EXERCISE DIRECTIONS ▸
Your copy runs from the line containing "Vian. guľa strieborno/biela10cm" through the last line of the listing, both included. Restate those lines word for word and leave out pictures.

***** DATASET CONTENT

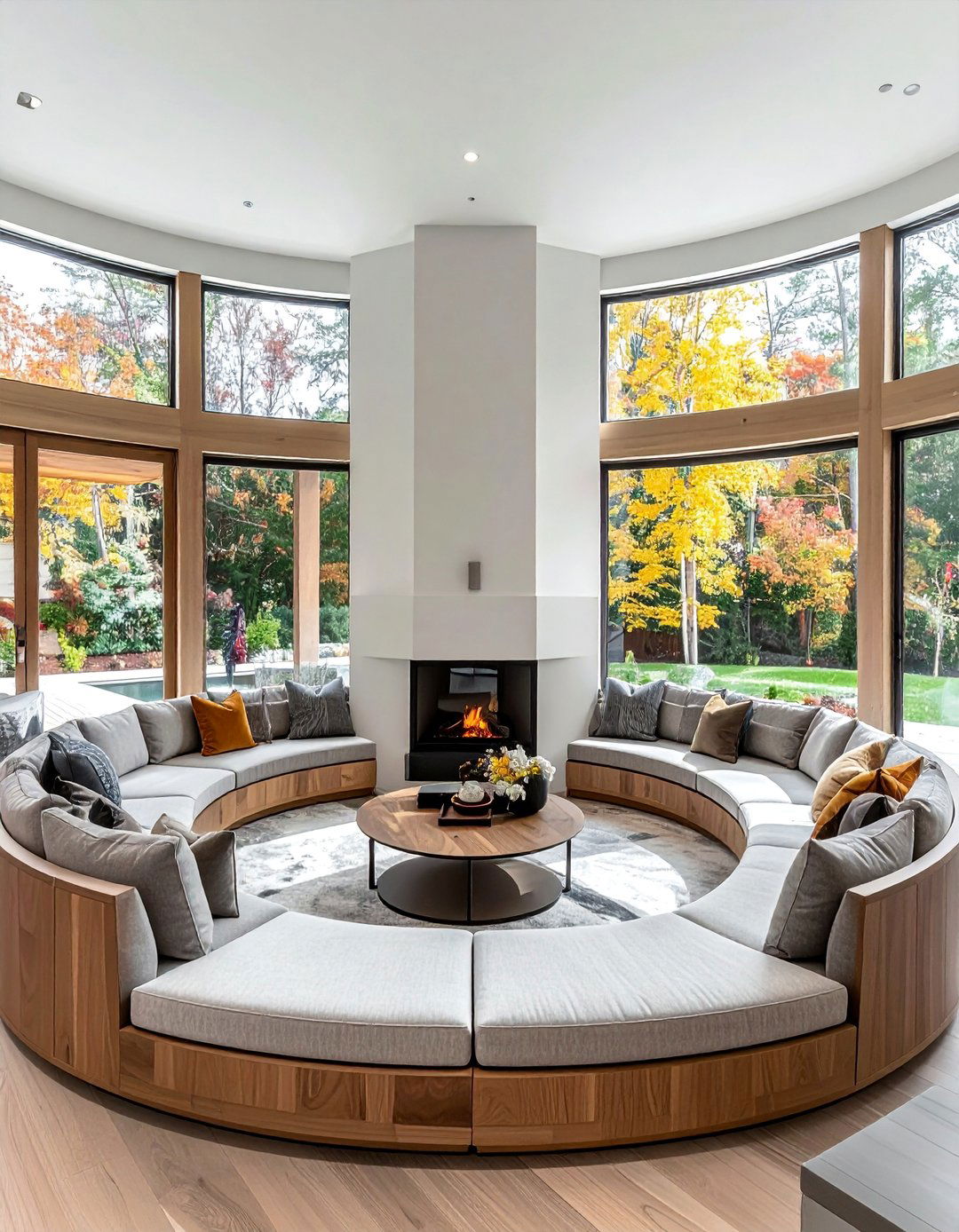 Sectional Wrap Around Fireplace Seating - 20 Fireplace Bench Ideas to Cozy Up Your Living Room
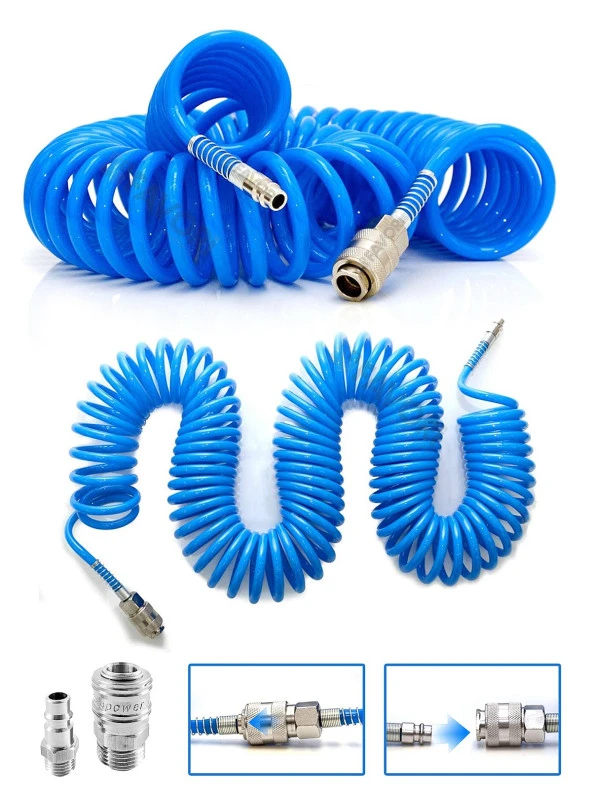 Profesyonel Yüksek Kalite Kompresör Spiral Hava Hortumu 8 Mm 15 Mt Hava Jakı Kompresör Recor Seti - Resim 4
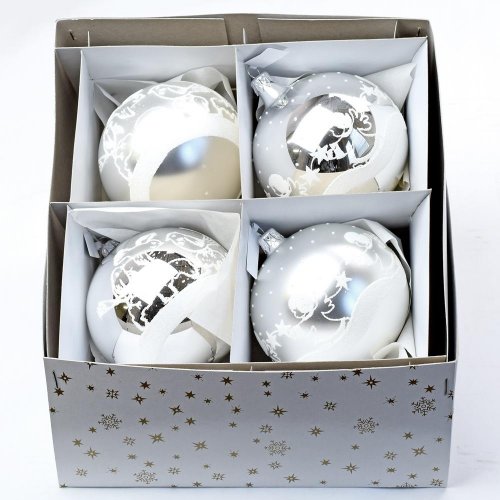 Vian. guľa strieborno/biela10cm mix 4vzorov /103 - Vianočné dekorácie a ozdoby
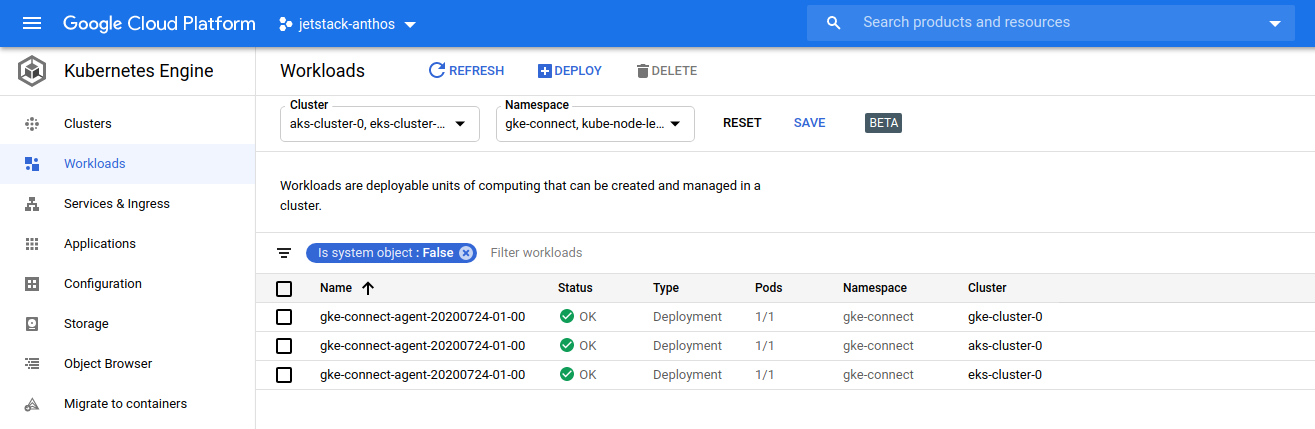 Managed cluster workloads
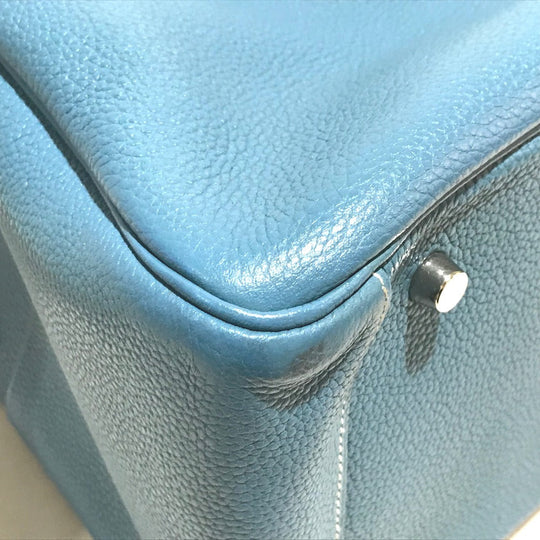 HERMES Handbag Taurillon Clemence blue Lindy 34 Women Used Authentic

**********

RESPONSE TO THIS TASK ▸
 Vian. guľa strieborno/biela10cm mix 4vzorov /103 - Vianočné dekorácie a ozdoby
 Managed cluster workloads
 HERMES Handbag Taurillon Clemence blue Lindy 34 Women Used Authentic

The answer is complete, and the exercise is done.